Poi ci sono quelli che ti dicono che loro si concentrano, che pensano a tutte le cose che gli succedono e riescono, nell'estasi dello sforzo fisico, ad elaborare pensieri alti e importanti. Oppure ricevono l'illuminazione e risolvono i problemi del lavoro.
Tu invece che fai?
Diciamo metà e metà.
Se sei stanco dal lavoro (intendi mentalmente, che i lavori faticosi sono altri!) di solito accendi la musica e riesci ad estraniarti dall'ambiente esterno fino a raggiungere una sorta di nirvana del pensiero.
Ma la volta che riesci a concentrarti su qualcosa, di solito sono cazzate senza senso. Altro che pensieri alti o poetici.
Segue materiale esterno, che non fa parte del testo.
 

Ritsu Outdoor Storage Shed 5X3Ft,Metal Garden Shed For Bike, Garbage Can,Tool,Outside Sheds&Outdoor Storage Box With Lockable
Di seguito un esempio illuminante.
L'altro sera, viste le cattive condizioni meteorologiche, ti sei ritrovato a correre un'oretta sul tapis roulant e per un tortuoso sentiero dei tuoi neuroni ti sei ritrovato a ragionare su quanto tempo, partendo da fermo, il tuo tappeto arriva alla velocità media che ti eri prefissato di 6 minuti al kilometro. Lasciando perdere il modo più semplice e lineare (cioè azzerare il tappeto e ripartire cronometrando il tempo di accellerazione) hai cominciato ad immaginarti la funzione velocità in un asse cartesiano velocità/tempo. Hai pensato al fatto che l'area al di sotto della funzione rappresenta la distanza percorsa. Hai pensato che è necessario approssimare la parte variabile della funzione come lineare, anche se in realtà avrebbe una forma da funzione cubica. E nella tua mente hai impostato la funzione che, una volta risolta, ti avrebbe dato come risultato l'incognita x (cioè il tempo in cui il tappeto raggiunge la velocità costante) conoscendo in quanto tempo riesci a percorrere un kilometro.
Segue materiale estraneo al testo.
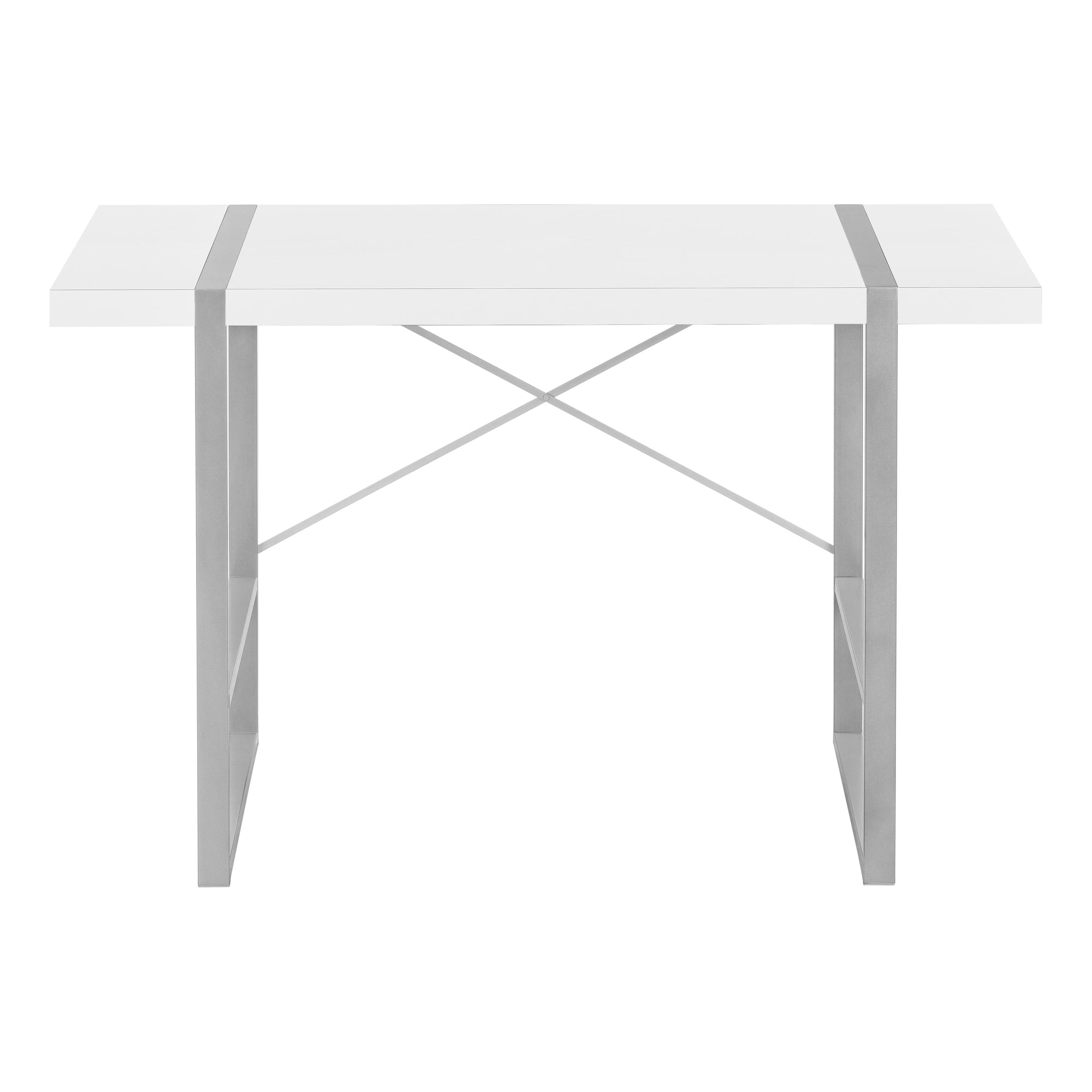 Computer Desk - 48L / White / Silver Metal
Poi sarà stato il fatto che le unità di misura erano difficili da far combaciare tra loro (tempo in secondi o minuti, velocità in kilometri all'ora o minuti al kilometro) o più semplicemente perché, seppur con un passo lento, stavi correndo e il sangue non affluiva con la necessaria portata al cervello essendo occupato da altre parti, ma alla fine è passata un'ora senza essere riuscito a risolvere numericamente l'equazione impostata.
Tanto che ti era rimasto il tarlo e il giorno dopo, mentre percorrevi la linea 3 della metropolitana tra San Donato a Duomo, hai dovuto armarti di carta e penna e risolvere il problema che aveva agitato i sogni della notte precedente.
La cosa strana è che questo stratagemma del concentrarti su un problema apparentemente futile ma matematicamente rigoroso ti ha fatto volare quell'ora di corsa da solo sul tappeto che altrimenti ti sarebbe sembrata eterna.
Due insegnamenti da questi ragionamenti.
a) La fisica e la matematica a livello di scuole superiori (diciamo i primi anni delle scuole superiori) sono cose che ti sono sempre piaciute e che ti affascinano anche adesso. Soprattutto la consapevolezza che la matematica è la grammatica della natura.
b) I runners (in generale e te in particolare) sono dei pazzi disadattati senza speranza.